You should definitely write a letter to the corporate offices. The "that Chinese girl" comment was uncalled for and he should of helped you find the blush you were looking. These days I personally avoid the Sephora stores near me. I gave up.

At the time when I did shop at Sephora there were 2 stores near me and both of them have treated me, my family members and friends poorly. It got to the point that we would research a product online just so we would avoid the various rude and unhelpful sales associates. It just seem like we as customers were being a nuisance to them when we asked a question or asked for help. In fact I only can recall 2 times when I was politely asked if I need any help (which I was very grateful for the help). 

Oh and please don't get me started on the "treating you like a thief" thing. The last time I was in a Sephora, I was there looking for a Christmas gift for my niece. I didn't touch anything, I was just looking around with my hands in my pockets and purse on my shoulder. When I noticed that I was being followed (AGAIN). So I decided this time to lead this sales associate all over the store - not touching anything, just looking. I was so pissed off - I had, had enough. Finally, we ended up at the cashier counter and I just stood there and looked the sales associate in the eye. She was like a deer in the headlights she froze and was very embrassed. I then bought a gift certificate and left. I would like to add the cashier did give that sales associate a weird look like "what the hell are you doing". That was 2 years ago. I have not been back since. 
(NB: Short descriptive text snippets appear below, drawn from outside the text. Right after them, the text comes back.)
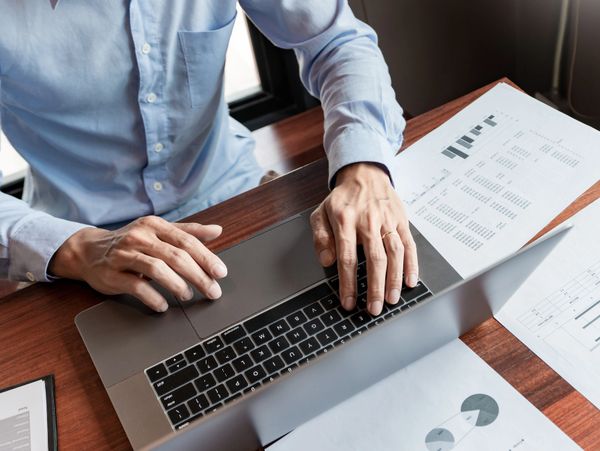 Person working on a laptop with financial documents and a calculator.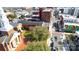Aerial view overlooking city street, red brick buildings, mural art, and mature trees at 54 Reed Ne St, Concord, NC 28025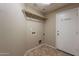 The laundry room features tile flooring and is equipped with connections for laundry machines at 3765 E Oxford Ln, Gilbert, AZ 85295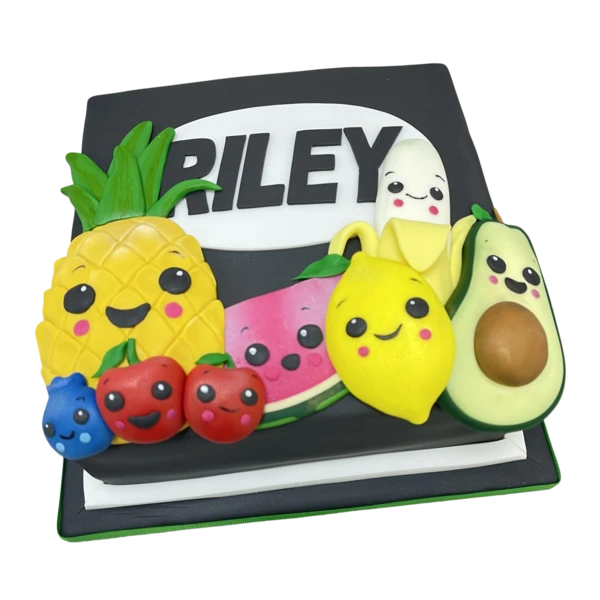 Bespoke Hey Bear Sensory Fruit cake with colorful fruit shapes, designed for celebration in Solihull, West Midlands.
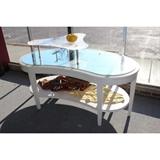 White display table with mirrored top, lower level shelf, and clear Plexiglas stand sitting on top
That's why I LOVE the M.A.C. store near me - always helpful and polite. Plus they always check the product to assure it is correct before I am run up. And placing something at the counter for you - not a problem, unlike the Spehora stores near me. 
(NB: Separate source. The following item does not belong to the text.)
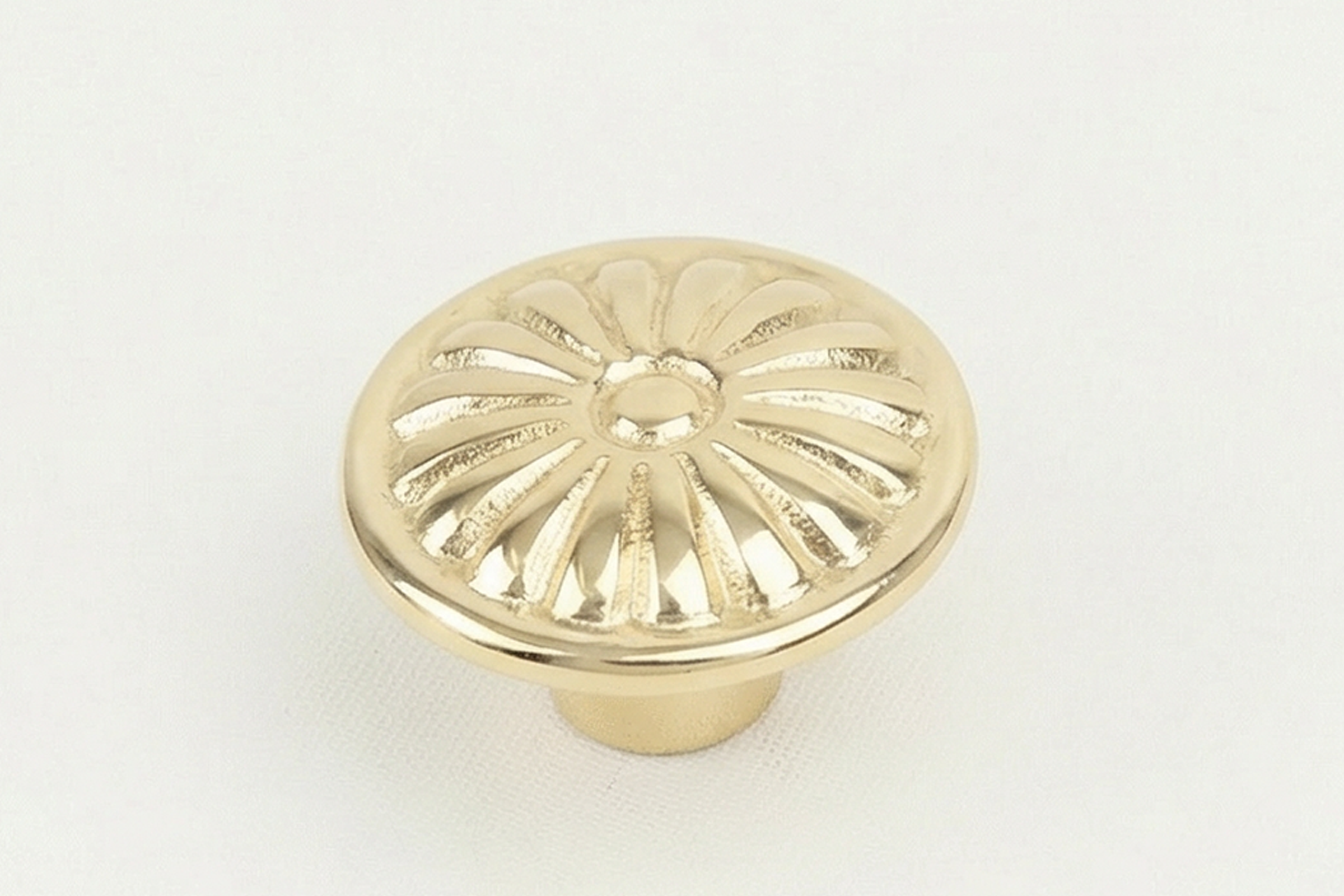 Gold-colored decorative item with a central hole and radial lines, resembling a small ornamental grate or cover against a plain white background.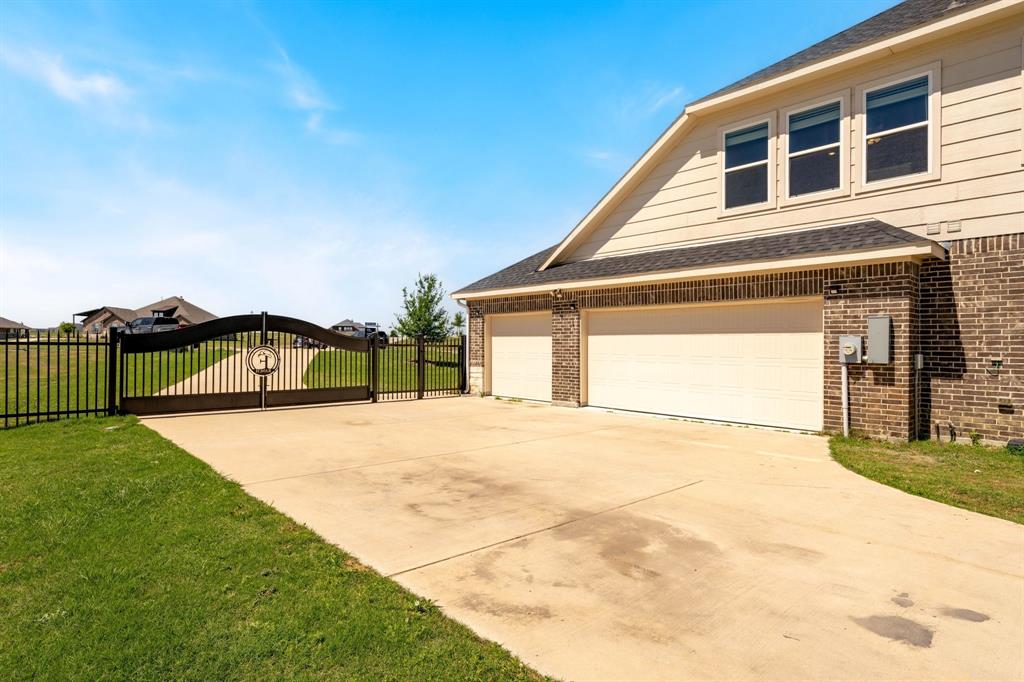 12700 Cold Spring Lane Ponder, TX 76259 - Photo 29 of 30 Oversized 3-car garage with extra parking pad.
Sorry, folks... I'm stepping down from the soapbox.


----------



## righteothen (Nov 24, 2007)

I've had mixed experiences at the only Sephora I have around me.  Two of the girls that are there are always nice, one girl is just great, but there are two people I don't like that much.  One girl that just doesn't seem like she knows what she's doing (kinda like a new person, but she's been there for years), and a male that seems to be in charge, but seems a bit cold.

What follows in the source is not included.